→ Work item:
Beginning with the opening line of the entries, return every line through the one containing "Chinese Style Large", both included, and nothing else. Omit pictures.

→ Material shown:

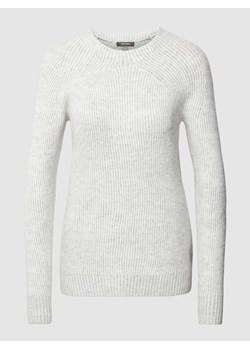 Sweter z dzianiny w paski ze sklepu Peek&Cloppenburg  w kategorii Swetry damskie - zdjęcie 167815342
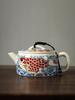 Chinese Style Large Mouth Teapot Good-looking Teapot Household Ceramic Chinese Style Single Teapot Kung Fu Tea Set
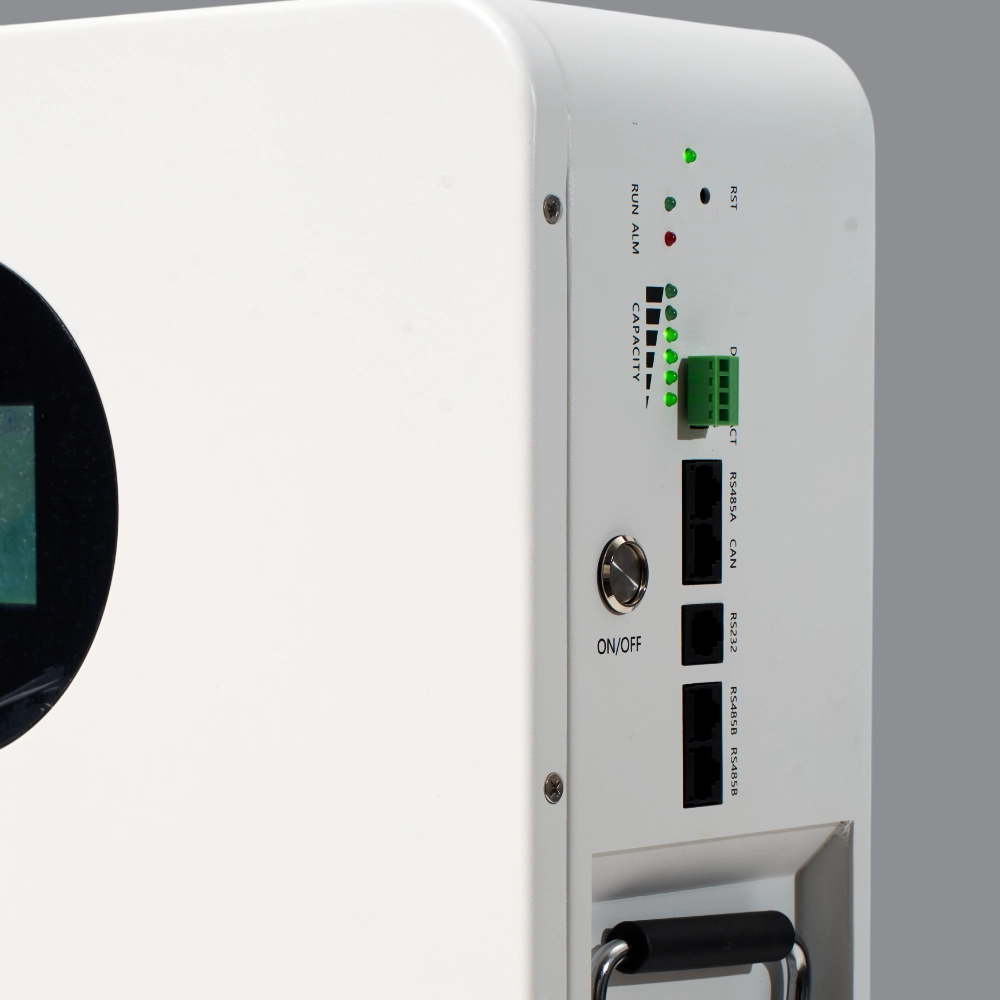 Литиевый аккумулятор тяговый LITJET GREEN LiFePO4 51,2V 100Ah 5KWh 100A, CAN/RS485 c/d 100A настенный 13 Литиевый аккумулятор тяговый LITJET GREEN LiFePO4 51,2V 100Ah 5KWh 100A, CAN/RS485 фото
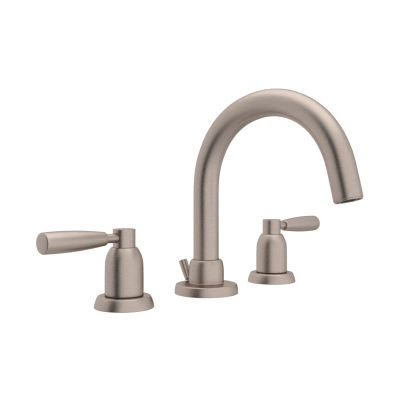 Rohl Bathroom Faucets, Widespread, Transitional,Widespread, Bathroom,Widespread, Transitional, ROHL LAV FCT & TRIM, Lavatory Faucet, 685333395551, U.3955LS-STN-2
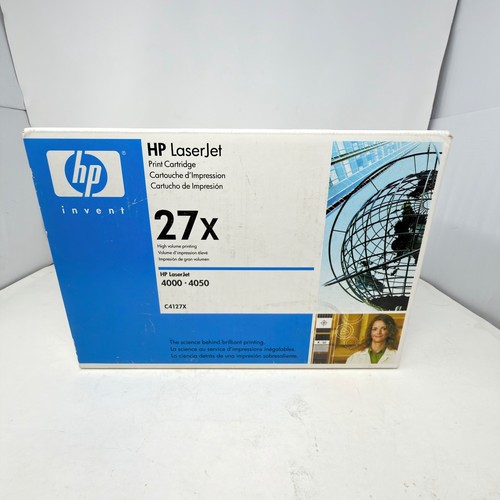 27x laserjet toner - hp,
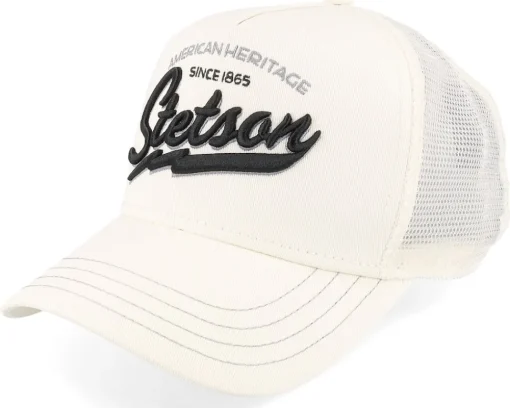 Kids American Heritage Classic Grey Trucker - Stetson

→ Solution:
 Sweter z dzianiny w paski ze sklepu Peek&Cloppenburg  w kategorii Swetry damskie - zdjęcie 167815342
 Chinese Style Large Mouth Teapot Good-looking Teapot Household Ceramic Chinese Style Single Teapot Kung Fu Tea Set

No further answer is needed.